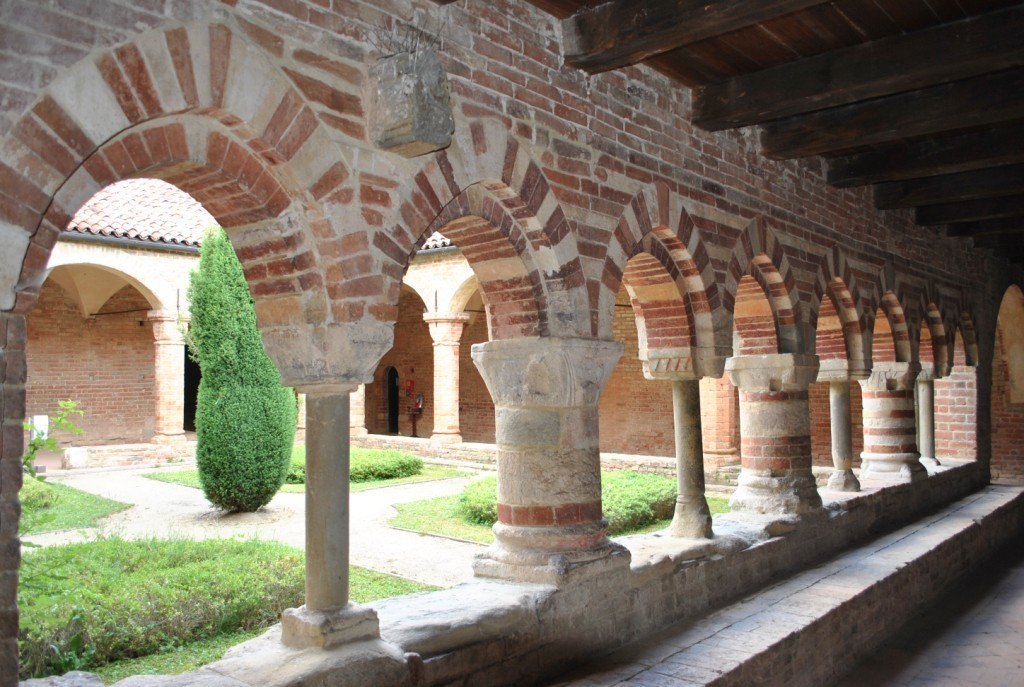 Abbazia_Santa_Maria_Vezzolano_chiostro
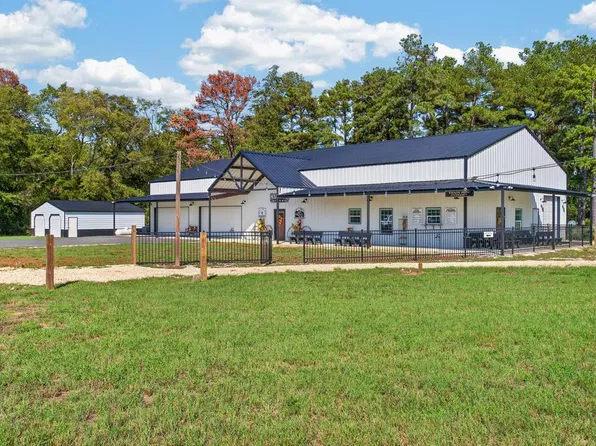 252 County Road 2641, Garrison, TX 75946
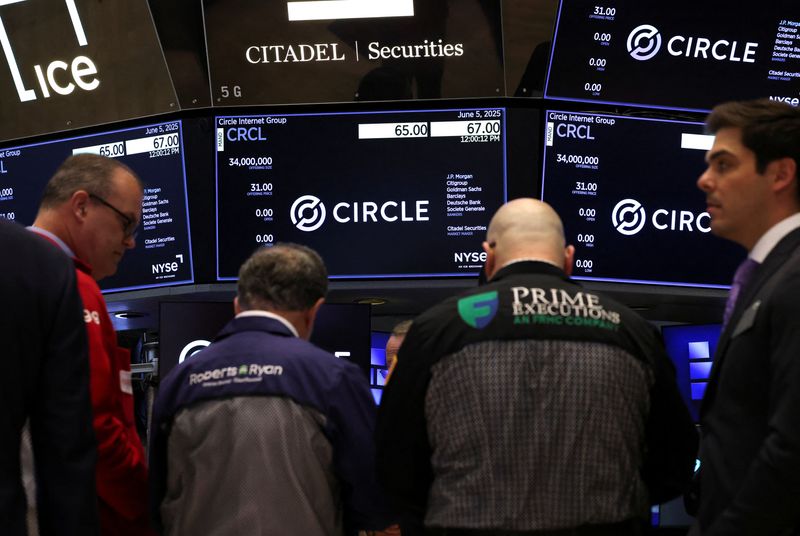 Circle, Coinbase shares soar as Senate clears path for stablecoin regulation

[What is needed]: From the line that contains "252 County Road 2641, Garrison, TX 75946" through the last line of the listing, copy each line exactly; both end lines stay in, and pictures stay out.

[Written answer]:
 252 County Road 2641, Garrison, TX 75946
 Circle, Coinbase shares soar as Senate clears path for stablecoin regulation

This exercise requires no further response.